YOUR TASK
Return only the lines below starting at the line containing "A kitchen with" and ending at the line containing "spectators watching baseball game", both included, exactly as they are and with no pictures.
____
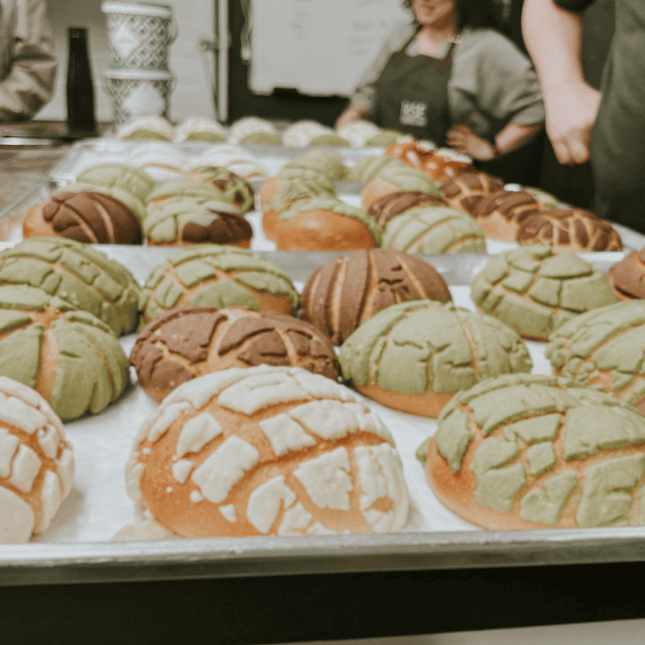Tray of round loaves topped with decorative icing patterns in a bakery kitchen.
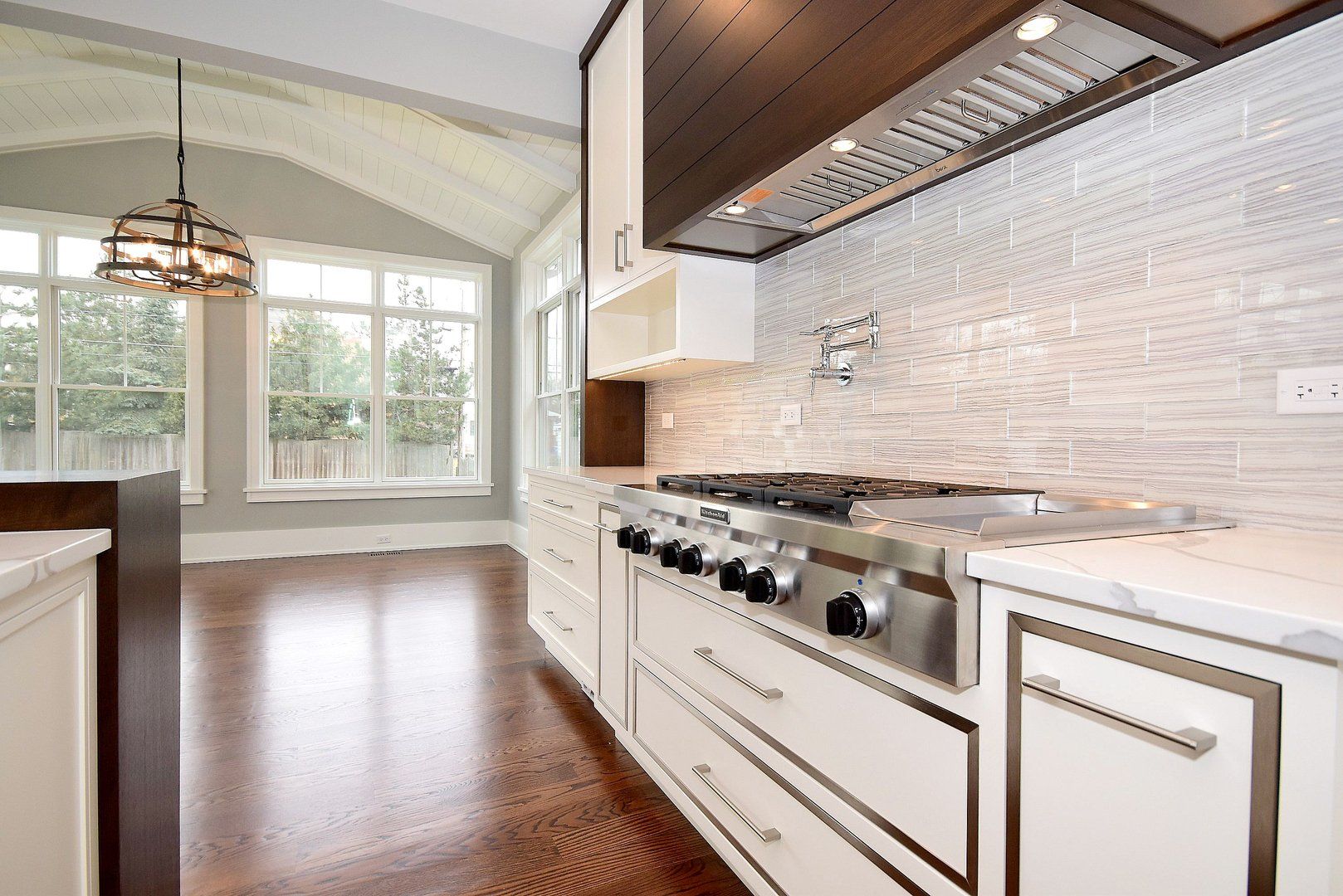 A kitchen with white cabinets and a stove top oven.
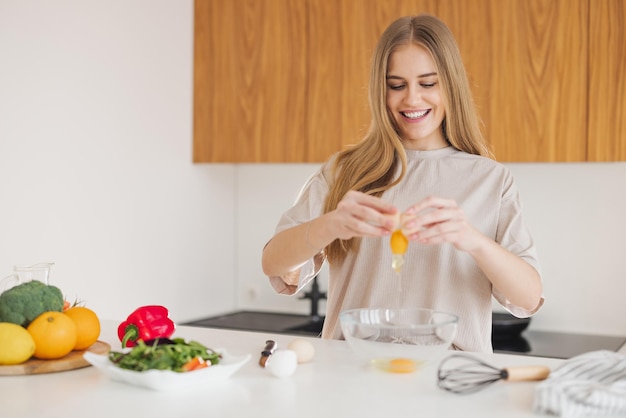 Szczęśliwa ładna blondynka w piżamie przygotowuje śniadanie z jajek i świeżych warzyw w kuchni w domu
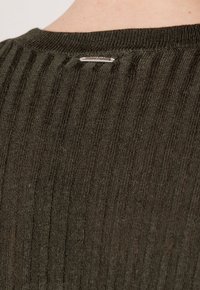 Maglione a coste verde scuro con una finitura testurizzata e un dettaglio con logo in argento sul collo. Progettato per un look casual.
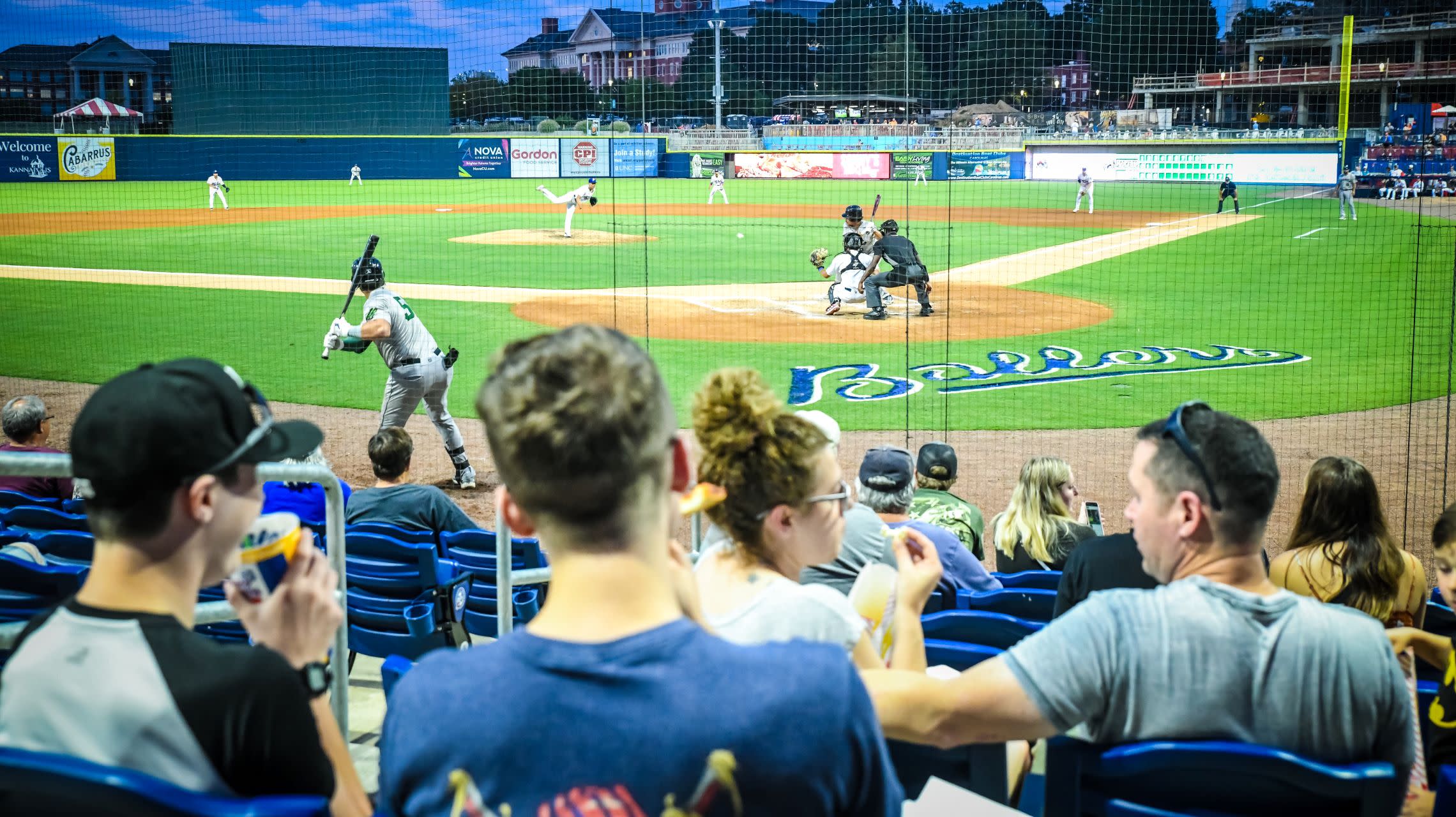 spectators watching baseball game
____
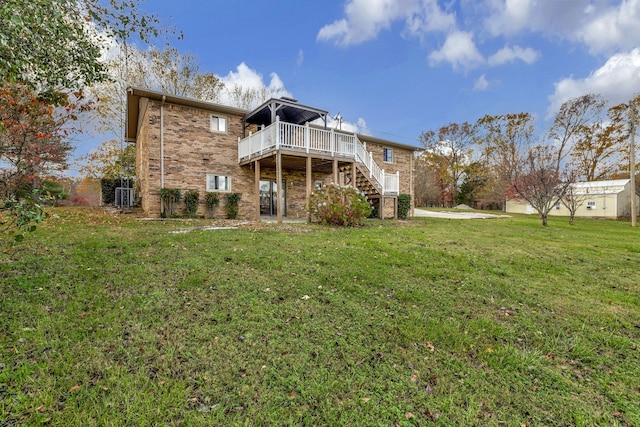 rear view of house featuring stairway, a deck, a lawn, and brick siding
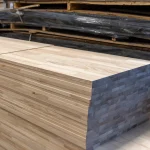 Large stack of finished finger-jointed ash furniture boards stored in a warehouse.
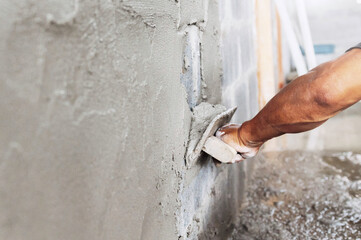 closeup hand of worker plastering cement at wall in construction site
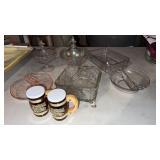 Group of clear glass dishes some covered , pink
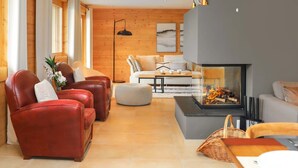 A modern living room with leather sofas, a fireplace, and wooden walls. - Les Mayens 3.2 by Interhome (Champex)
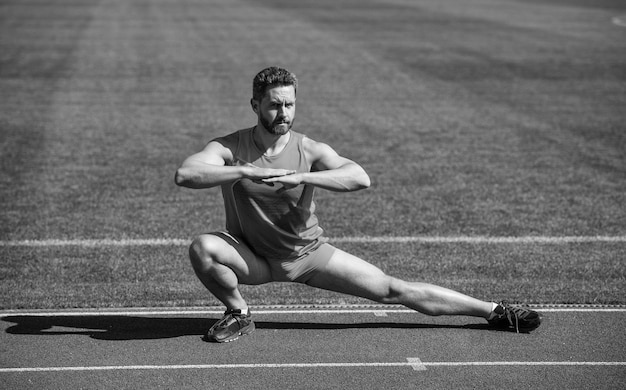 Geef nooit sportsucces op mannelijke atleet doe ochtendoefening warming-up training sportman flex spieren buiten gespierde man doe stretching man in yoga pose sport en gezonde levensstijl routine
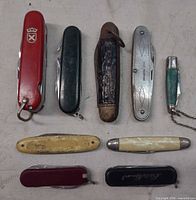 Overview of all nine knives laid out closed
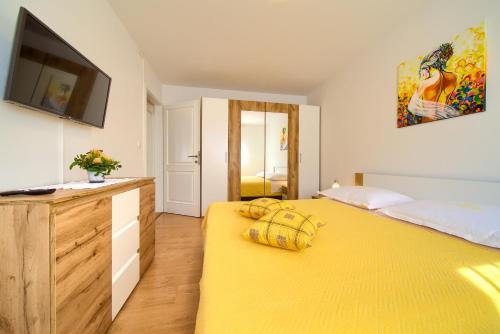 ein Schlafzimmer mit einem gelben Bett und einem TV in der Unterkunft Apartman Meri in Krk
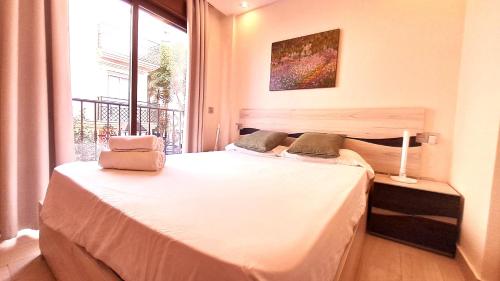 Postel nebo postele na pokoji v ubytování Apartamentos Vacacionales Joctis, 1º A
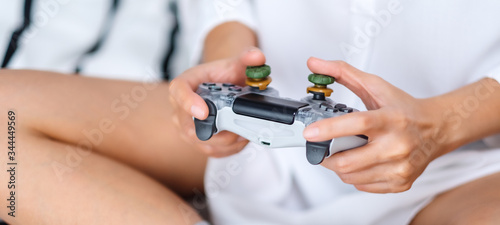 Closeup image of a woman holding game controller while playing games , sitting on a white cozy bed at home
____
SOLUTION FOR THIS TASK
 A kitchen with white cabinets and a stove top oven.
 Szczęśliwa ładna blondynka w piżamie przygotowuje śniadanie z jajek i świeżych warzyw w kuchni w domu
 Maglione a coste verde scuro con una finitura testurizzata e un dettaglio con logo in argento sul collo. Progettato per un look casual.
 spectators watching baseball game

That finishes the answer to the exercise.